YARGITAY KARARI
DAİRE : 2. Hukuk Dairesi
ESAS NO : 2022/1786
KARAR NO : 2022/4627
KARAR TARİHİ : 18.05.2022
MAHKEMESİ : … Bölge Adliye Mahkemesi… Hukuk Dairesi
DAVA TÜRÜ : Karşılıklı Boşanma
Taraflar arasındaki davanın yapılan muhakemesi sonunda bölge adliye mahkemesi hukuk dairesince verilen, yukarıda tarihi ve numarası gösterilen hüküm davacı-karşı davalı erkek tarafından kadının kabul edilen davası, tedbir ve yoksulluk nafakası ile miktarları, velâyet ve iştirak nafakası yönünden temyiz edilmekle, evrak okunup gereği görüşülüp düşünüldü:
1-Dosyadaki yazılara, kararın dayandığı delillerle kanuna uygun sebeplere ve özellikle delillerin takdirinde bir yanlışlık görülmemesine göre, davacı-karşı davalı erkeğin aşağıdaki bendin kapsamı dışında kalan temyiz itirazları yersizdir.

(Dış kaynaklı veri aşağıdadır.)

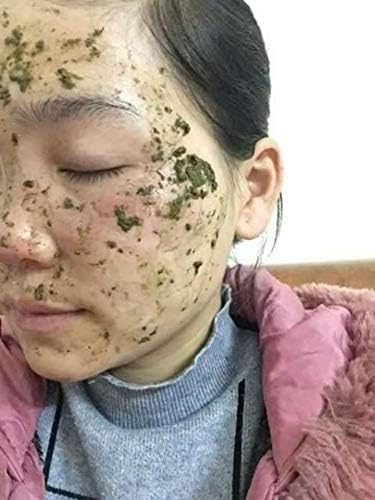 Nguyen Thi Tuyet Linh stolarija u boji-čudo od prirode-biljna trava specijalni tretman acne-melasma-pege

2-Tarafların ortak çocuğu Mustafa 2013 doğumlu olup, yargılama sırasında idrak çağına ulaşmıştır. Velâyet düzenlemesi yapılırken; göz önünde tutulması gereken temel ilke, çocuğun “üstün yararı” (Birleşmiş Milletler Çocuk Haklarına Dair Sözleşme m.3; Çocuk Haklarının Kullanılmasına ilişkin Avrupa Sözleşmesi m. 1; TMK m. 339/1. 34.3/1, 346/1; Çocuk Koruma Kanunu m. 4/b) dır. Çocuğun üstün yararını belirlerken; onun bedensel, zihinsel, ruhsal, ahlaki ve toplumsal gelişiminin sağlanması amacının gözetilmesi gereklidir. Ana ve babanın yararları; ahlaki değer yargıları, sosyal konumları gibi durumları, çocuğun üstün yararını etkilemediği ölçüde göz önünde tutulur. Velâyet düzenlemesi kamu düzenine ilişkin olup, resen araştırma ilkesi geçerlidir. Bu nedenle yargılama sırasında meydana gelen gelişmelerin bile göz önünde tutulması gerekir. Tarafların davayı kabulü de tek başına hukuki sonuç doğurmaz. Birleşmiş Milletler Çocuk Hakları Sözleşmesinin 12. ve Çocuk Haklarının Kullanılmasına İlişkin Avrupa Sözleşmesinin 3. ve 6. maddeleri idrak çağındaki çocukların kendilerini ilgilendiren konularda görüşünün alınması ve görüşlerine gereken önemin verilmesini öngörmektedir. Çocuğun üstün yararı gerektirdiği takdirde, görüşlerinin aksine karar verilmesi mümkündür. Bu sebeple ilk derece mahkemesince, ortak çocuk Mustafa’nın bizzat ya da istinabe yoluyla velayet hakkındaki tercihinin hakim tarafından kendisinden sorulması ve psikolog, pedagog ve sosyal çalışmacıdan oluşan uzmanlardan yeniden inceleme ve rapor istenip, ebeveyn ve ortak çocuk ile görüşülmek suretiyle, ortak çocuğun eğitim, kültür, yaşam olanakları bakımından nerede yaşamak istediği konusunda bilgilendirilerek, velâyet hakkındaki görüşünün uzmanlar tarafından alınması, toplanan diğer delillerler birlikle değerlendirilmek suretiyle, velâyet ve kişisel ilişki konusunda bir karar verilmesi gerekirken yazılı şekilde eksik inceleme ile ortak çocuk Mustafanın velayetine ilişkin istinaf başvurusunun esastan reddine karar verilmesi doğru olmayıp bozmayı gerektirmiştir.
SONUÇ: Yukarıda 2. bentte açıklanan sebeple bölge adliye mahkemesi kararının KALDIRILMASINA, ilk derece mahkemesi kararının BOZULMASINA, bozma kapsamı dışında kalan temyize konu diğer bölümlerin ise yukarıda 1. bentte gösterilen sebeple ONANMASINA, iştirak nafakasına yönelik temyiz itirazının 2. bentteki bozma sebebine göre şimdilik incelenmesine yer olmadığına, temyiz peşin harcın istek halinde yatırana geri verilmesine, dosyanın ilk derece mahkemesine, karardan bir örneğinin ilgili bölge adliye mahkemesi hukuk dairesine gönderilmesine oy birliğiyle karar verildi. 18.05.2022 (Çrş.)